Search code examples
postgresqlspring-boot-testtestcontainerstestcontainers-junit5

Tests using Postgres images via Testcontainers time out


I'm working on a Spring Boot project with a Postgres database backend where JUnit 5 and Testcontainers is used for integration tests that involve database access.

Testcontainers is set up by modifying the JDBC URL like this:

spring:
  datasource:
    url: jdbc:tc:postgresql:9.6.8:///test

This setup did work fine for many months but now I'm hitting a road block.

So far there are already 20 integration test classes and adding another one leads to failing tests due to an error that looks like a time out to me.

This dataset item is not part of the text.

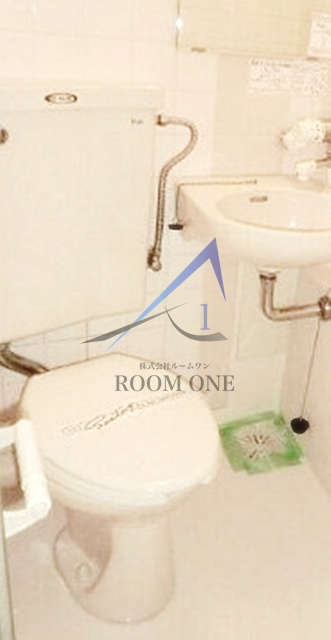 トップ浅草のトイレ|トイレです。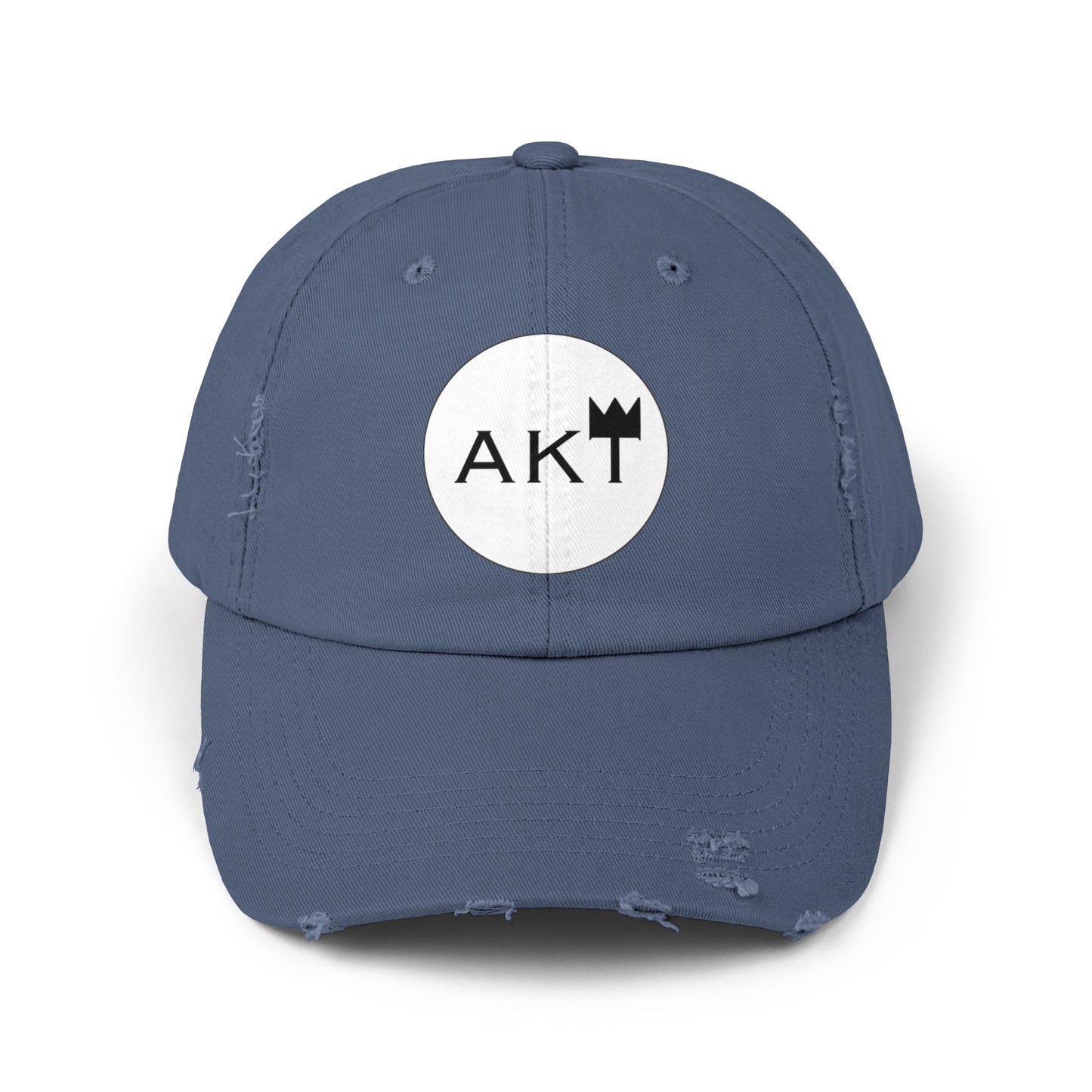 Distressed AKT Cap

When adding the 21st test class, another test (let's call it RandomTest) hangs for a few minutes and then fails with this error:

 java.lang.IllegalStateException at DefaultCacheAwareContextLoaderDelegate.java:98
        Caused by: org.springframework.beans.factory.BeanCreationException at AbstractAutowireCapableBeanFactory.java:1804
            Caused by: org.flywaydb.core.internal.exception.FlywaySqlException at JdbcUtils.java:68
                Caused by: java.sql.SQLException at JdbcDatabaseContainer.java:263
                    Caused by: org.postgresql.util.PSQLException at ConnectionFactoryImpl.java:659

I know it can't be a problem with the test per se, because when I run it individually, there's no problem:

./gradlew test --tests RandomTest
[...]
BUILD SUCCESSFUL in 16s

It may also be noteworthy that I only have this problem when running the tests with Gradle (both locally and on the CI server). I don't see this problem when running them in IntelliJ.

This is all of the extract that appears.